(LISTED RECORDS)
⁂

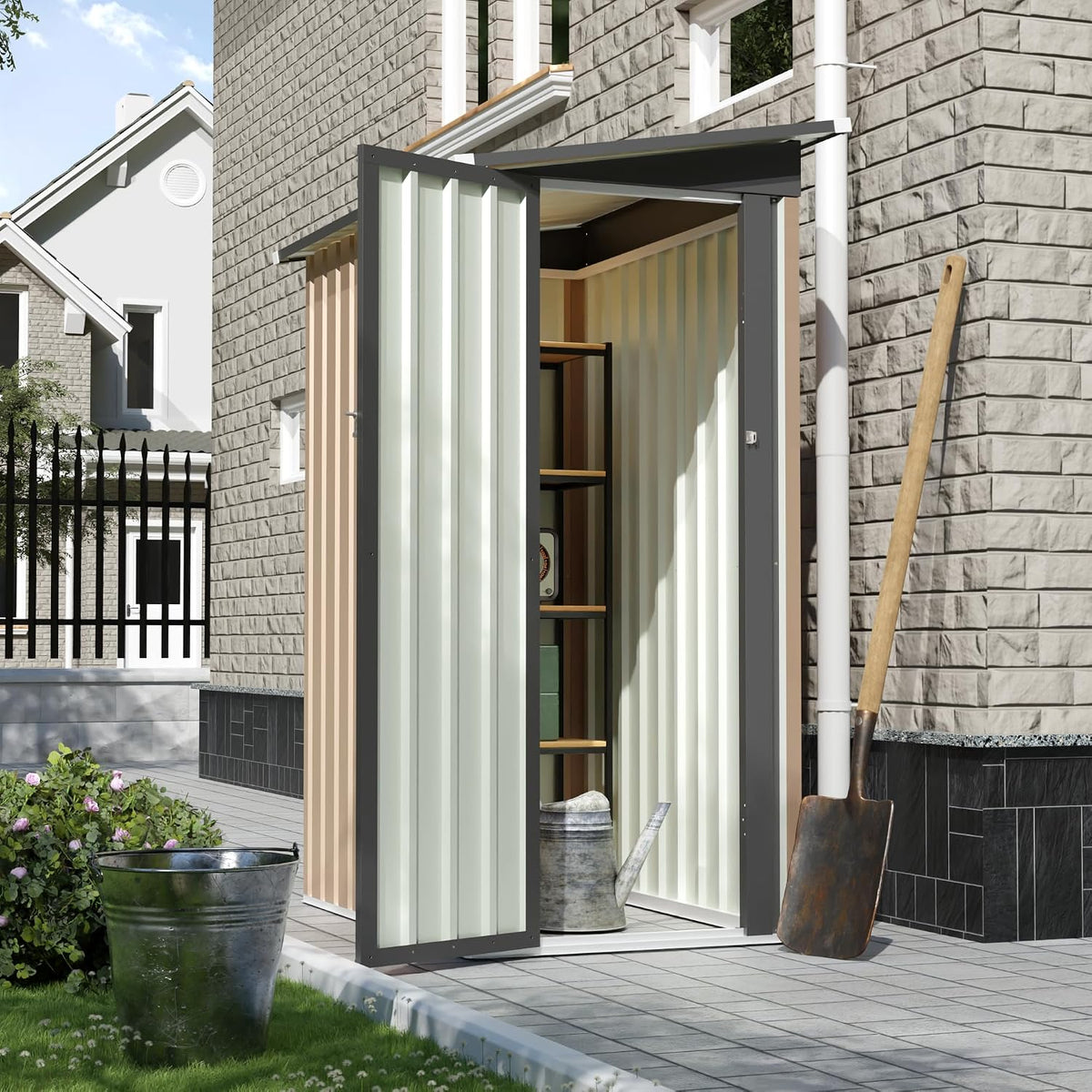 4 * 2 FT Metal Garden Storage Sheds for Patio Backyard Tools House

⁂

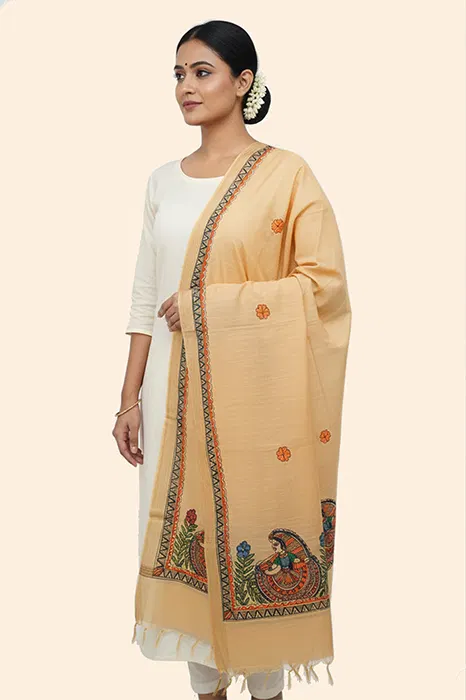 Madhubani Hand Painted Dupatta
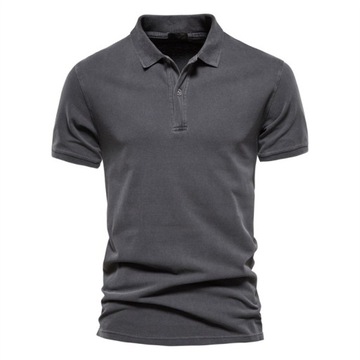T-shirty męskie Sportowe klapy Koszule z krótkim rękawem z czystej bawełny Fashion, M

⁂

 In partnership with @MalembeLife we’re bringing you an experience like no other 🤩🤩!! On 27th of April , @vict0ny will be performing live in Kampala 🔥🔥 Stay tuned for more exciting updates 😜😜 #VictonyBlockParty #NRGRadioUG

⁂

(WORK REQUEST)
Retype only the lines above from the one with "Madhubani Hand Painted Dupatta" through the one with "T-shirty męskie Sportowe", exactly and with both ends. Images stay out.

(TASK RESPONSE)
 Madhubani Hand Painted Dupatta
T-shirty męskie Sportowe klapy Koszule z krótkim rękawem z czystej bawełny Fashion, M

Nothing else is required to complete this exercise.